▸ **EXERCISE AIM**
Instruction for the listing below: copy exactly, and only, the lines from the one holding "this 600×400 image." through its last line, omitting any picture.

▸ **RECORD EXTRACTS**
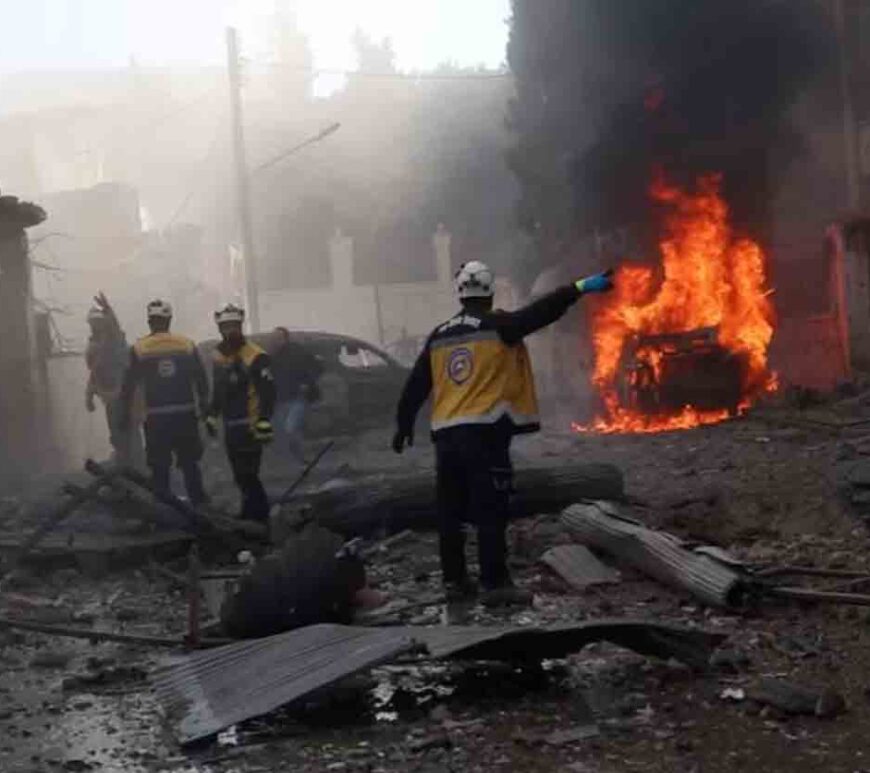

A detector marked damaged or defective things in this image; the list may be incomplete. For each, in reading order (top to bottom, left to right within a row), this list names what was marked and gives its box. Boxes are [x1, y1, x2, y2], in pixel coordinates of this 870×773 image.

broken wooden beam [286, 462, 628, 532]
broken wooden beam [564, 500, 752, 608]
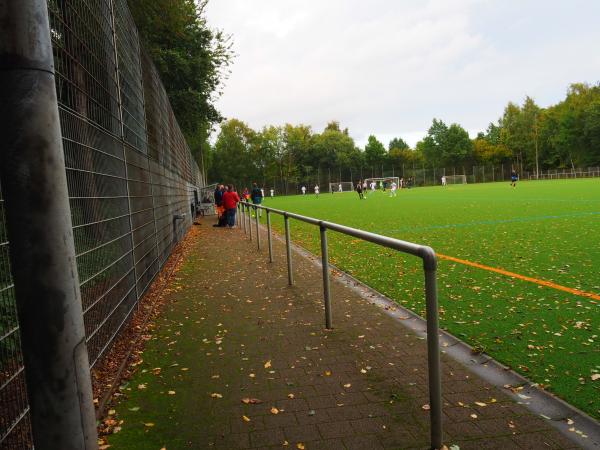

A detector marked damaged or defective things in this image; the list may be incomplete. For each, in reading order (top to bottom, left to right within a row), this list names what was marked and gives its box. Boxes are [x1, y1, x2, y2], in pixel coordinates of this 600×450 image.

rusty metal pole [0, 0, 98, 450]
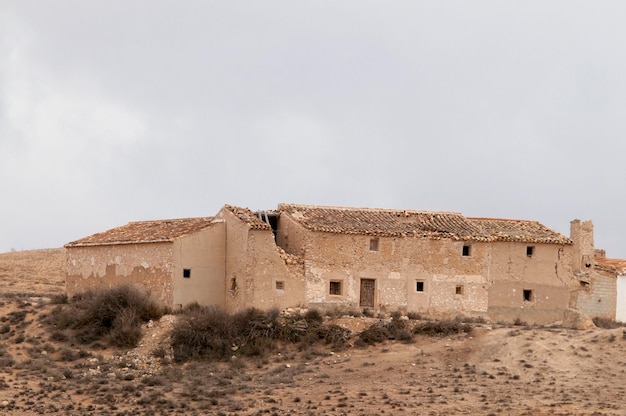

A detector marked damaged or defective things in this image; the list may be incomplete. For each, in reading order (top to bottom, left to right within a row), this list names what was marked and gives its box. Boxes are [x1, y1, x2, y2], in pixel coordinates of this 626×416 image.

damaged roof [63, 218, 214, 247]
damaged roof [278, 204, 572, 245]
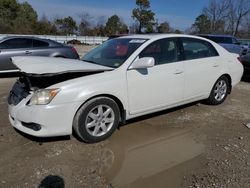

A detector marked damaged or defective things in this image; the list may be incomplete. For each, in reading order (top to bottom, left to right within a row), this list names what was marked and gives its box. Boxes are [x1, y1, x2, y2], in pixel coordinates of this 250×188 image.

damaged white car [7, 34, 242, 142]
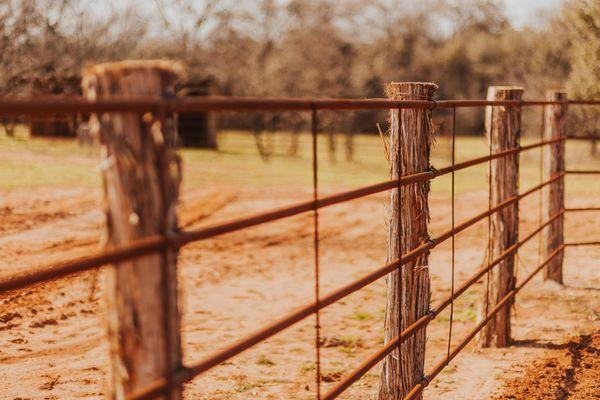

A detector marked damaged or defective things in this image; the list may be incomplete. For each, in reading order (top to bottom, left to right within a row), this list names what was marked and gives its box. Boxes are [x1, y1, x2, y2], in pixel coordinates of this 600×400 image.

rust stain on post [82, 60, 184, 400]
rusty metal fence rail [0, 94, 596, 400]
rust stain on post [378, 82, 434, 400]
rust stain on post [480, 85, 524, 346]
rust stain on post [544, 90, 568, 284]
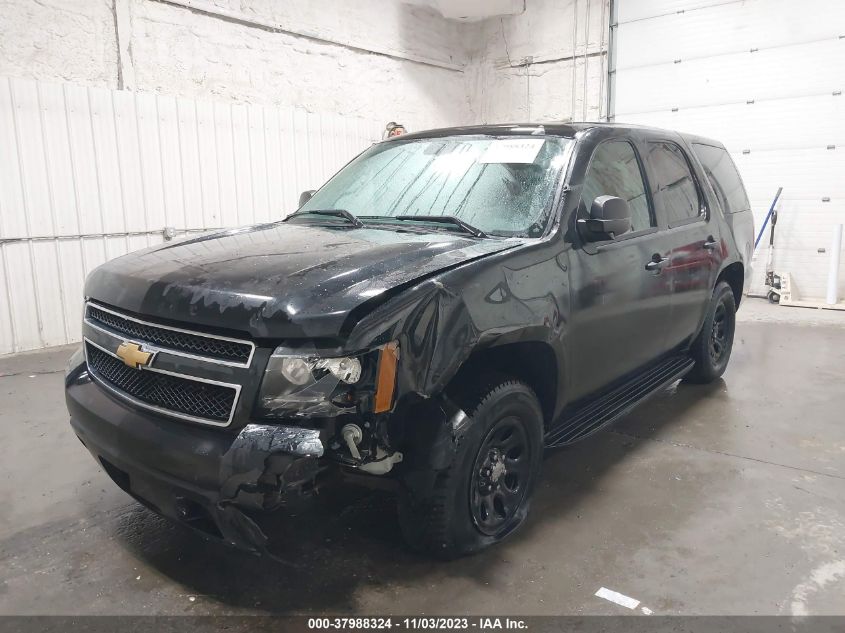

▸ **RESULT OF THE TASK**
A detector marked damaged or defective things in this image; the list may be incomplete. For each, in reading order (top to bottom, left to right within a row), this list names what was marked and gives its box. Boxes are [x1, y1, x2, y2], in pixel coordinates of this 600×400 image.

rust stain on post [82, 60, 184, 400]
rusty metal fence rail [0, 94, 596, 400]
rust stain on post [378, 82, 434, 400]
rust stain on post [480, 85, 524, 346]
rust stain on post [544, 90, 568, 284]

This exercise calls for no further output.